Where are Mesothelioma Claims Heading?

07 December 2006
By Dr. Faten Sabry et al.

Annual filings of asbestos claims have declined in recent years. Most of this decline is in nonmalignant claims, and is principally the result of recent state tort reforms and the impact of the Silica Multi-District Litigation (MDL) decision, which attacked unfounded diagnoses of disease by the same doctors who are used by the asbestos plaintiffs' bar. This trend, however, is not as clear for mesothelioma claims, which are the most serious, expensive, and persistent asbestos-related cases. The impact on future liability costs of defendants depends on determining where mesothelioma claims are heading.

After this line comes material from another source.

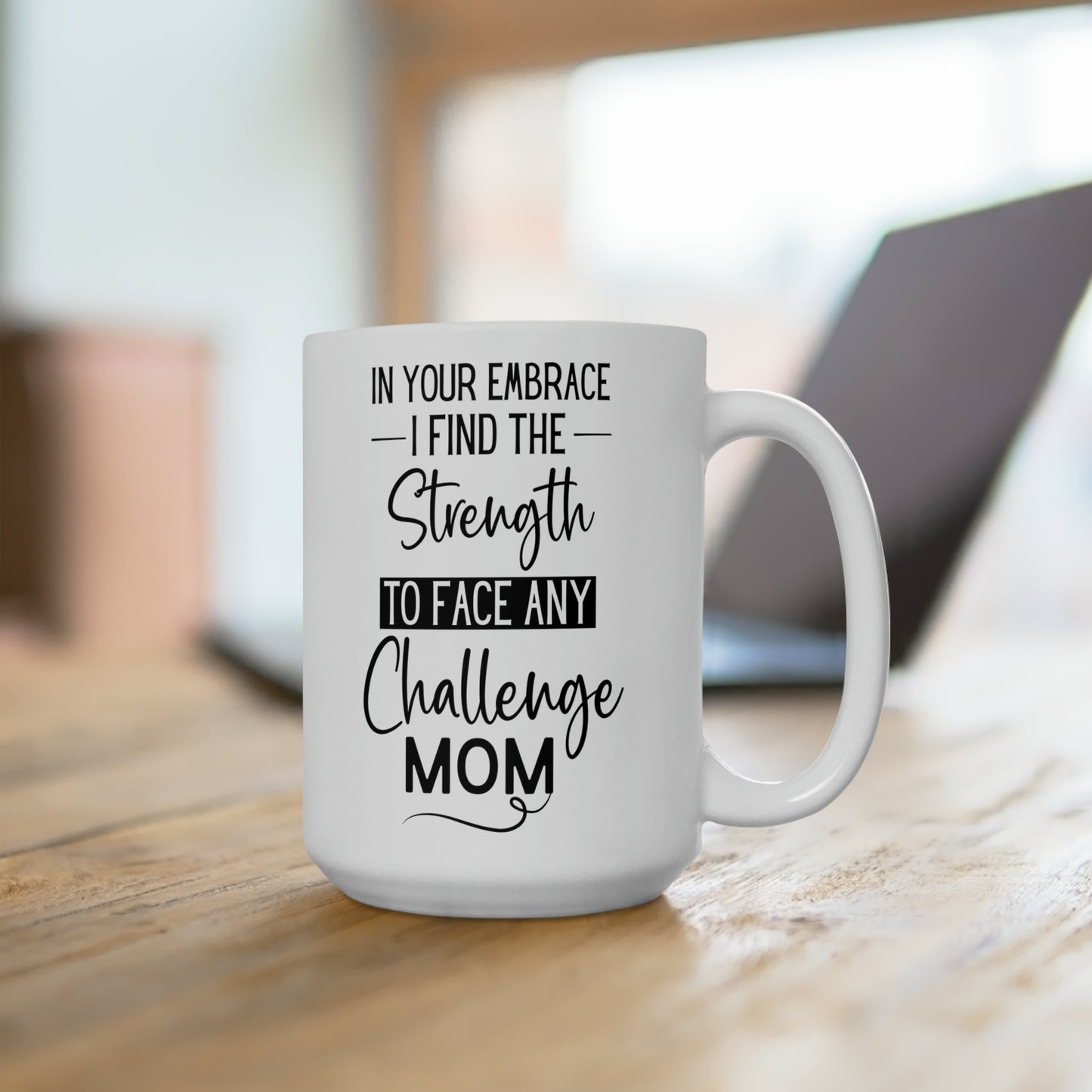 In your embrace 15oz white Mug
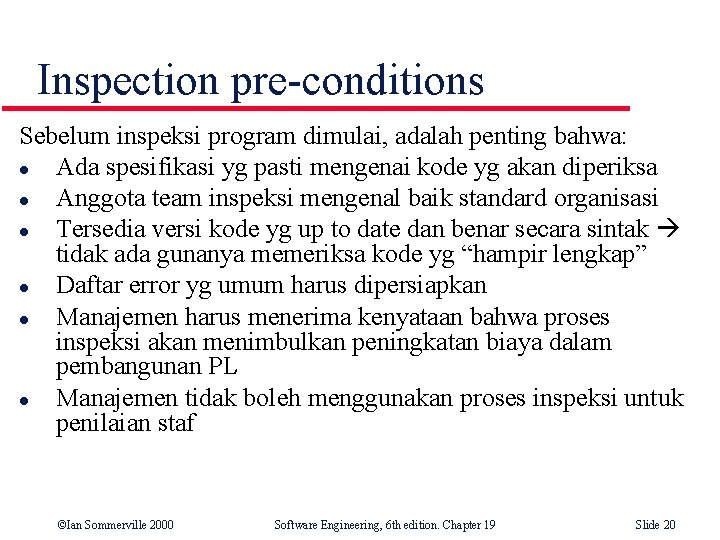 Inspection pre-conditions Sebelum inspeksi program dimulai, adalah penting bahwa: l Ada spesifikasi yg pasti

A 2004 projection of mesothelioma incidence in the US reported higher estimates of future incidence than previously projected -- fueling fears that total future indemnities for asbestos claims were currently being underestimated because mesothelioma liabilities were on the increase. 

This paper examines mesothelioma claim filings using data from the Manville Trust, which was formed in 1988 to settle asbestos personal injury claims resulting from exposure to asbestos-related products mined or manufactured by the Johns-Manville Corporation and its affiliated entities; projections of the incidence of mesothelioma; and data on actual incidence of mesothelioma from the Surveillance, Epidemiology, and End Results ("SEER") program of the National Cancer Institute of the National Institutes of Health.

The authors' analysis of the trends in mesothelioma incidence and filings demonstrates that: (1) the SEER data does not allow for a conclusion to be reached on the mesothelioma trend in recent years; (2) after adjusting for a surge in 2003, claims have been in decline; and (3) a widely-cited 2004 mesothelioma forecast overestimates future incidence by assuming that all female incidence is due to background risk.